Tuesday morning, the American Association of School Administrators told the committee that the teacher involved in Price's death had been placed on administrative leave pending an investigation. The school system acted after the GAO referred its findings to the state school board, the organization reported.

Price questioned why the crimes of pedophiles are public but teachers who torture children are free to continue working without disclosure of their past actions.

Government auditors examined hundreds of allegations of abuse, the GAO report said. In 20 of those cases, it said, children died after being put in restraints. In four of those, the restraints were found to have resulted in the children suffocating.

GAO investigator Greg Kutz told the House committee Tuesday that he lacked data to quantify the problem, but in the 2008 school year, investigators discovered 33,000 instances of seclusion, restraints or other punishments in Texas and California alone.

Despite the problem, Kutz said, no federal regulations exist on the treatment of the more than 6 million children classified as having "special needs," conditions including autism and Down syndrome.
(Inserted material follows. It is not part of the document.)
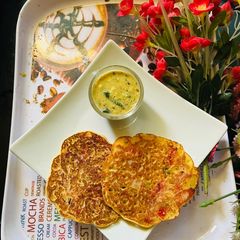 A picture of Sattu Chilla with veggie.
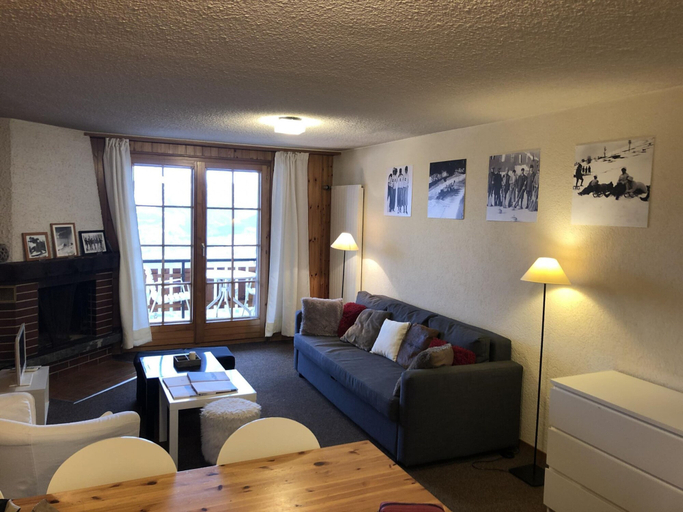 Living room, Apartment With Mountain Views, Hérens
At the state level, the laws are widely divergent -- 19 states have no laws at all.

Auditors found that eight states prohibit prone restraints or other techniques that hinder breathing, and 17 require teachers or staff to be trained in proper techniques before using them. Only six keep records of how frequently those techniques are used, and reports are required by law in only two of those states -- California and Connecticut.

The GAO investigation found that teachers and school staff frequently lack training in correct restraint methods, and in some cases, where improper restraints led to injuries, teachers often kept their jobs.

In 13 states, parents have to agree before teachers can restrain children in non-emergency situations, while 19 require teachers to notify parents after the fact. Parents contacted by CNN commonly said they were not told their children were being disciplined until after they began to behave badly at home, which to them indicated trouble at school.

When confronted with complaints, school systems sometimes sought to minimize or deny the allegations, even after public investigations found the charges to be true, according to parents and the GAO report.

Miller's committee is considering new laws governing what actions teachers can take to rein in disruptive special-needs students.